- Short story feature based on the film. Picture Show (19 January 1935)
- Directed by: Reginald Denham
- Written by: Basil Mason
- Based on: 1934 play Flowery Walk by Joan Temple
- Produced by: Reginald Denham
- Starring: Isobel Elsom Whitmore Humphreys Max Adrian
- Cinematography: Percy Strong
- Production company: Paramount British Pictures
- Release date: 20 July 1934;
- Running time: 70 minutes
- Country: United Kingdom
- Language: English

= The Primrose Path (1934 film) =

1934 film

The Primrose Path (also known as Flowery Walk) is a 1934 British romance film directed by Reginald Denham and starring Isobel Elsom, Whitmore Humphries and Max Adrian. It was written by Basil Mason based on the 1934 play Flowery Walk by Joan Temple, and was produced as a quota quickie by Paramount British Pictures.

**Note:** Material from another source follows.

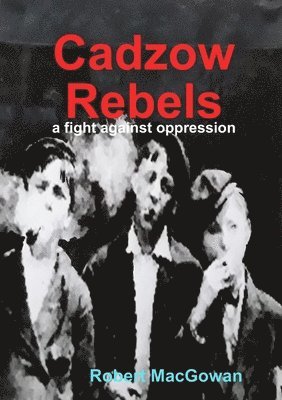 Cadzow Rebels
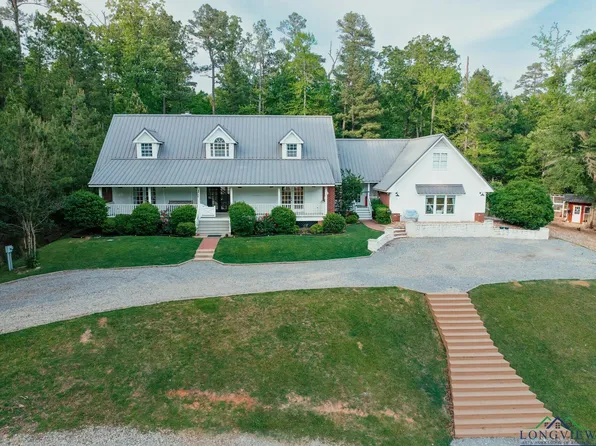 5000 Liberty Rd, Jefferson, TX 75657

The screenplay concerns a doctor's wife who has to choose between her settled life with her husband in a small town or a more turbulent relationship with a successful writer.

== Preservation status ==
The British Film Institute National Archive holds a collection of ephemera and stills but no film or video materials.

==Plot summary==
Brenda Dorland, in an unhappy marriage, falls in love with David Marlow, a novelist she meets on a cruise, and flees with him to his Italian villa. Brenda's daughter Ianthe, desperate to save the family, rushes to Italy to try to make her mother see reason. She succeeds, and Brenda reconciles with her husband. Meanwhile, Ianthe falls in love with Julian Leigh, David's young collaborator.

==Cast==
- Isobel Elsom as Brenda Dorland
- Whitmore Humphries as David Marlow
- Max Adrian as Julian Leigh
- Virginia Field as Ianthe Dorland
- Gordon McLeod as Doctor Dorland
- Helen Ferrers as Mrs Hassee
- Ethel Stuart as Fortune

== Reception ==
The Daily Film Renter wrote: "Presented in terms of dialogue, rather than action, film has moments of amusing comedy, but central situations lack conviction, climax missing fire. Settings are attractive, and direction moderately good ... Helen Ferrers contributes one of her fruity dowager studies with effect, and Gordon McLeod is quite good as the harassed doctor. Most of the members of the cast, however, speak with irritatingly affected accents, which become almost intolerable after a time."

Picturegoer wrote: "Slow-moving triangle drama with an artificial atmosphere of sophistication and a conventional plot unredeemed by anything remarkable in the way of acting or characterisation."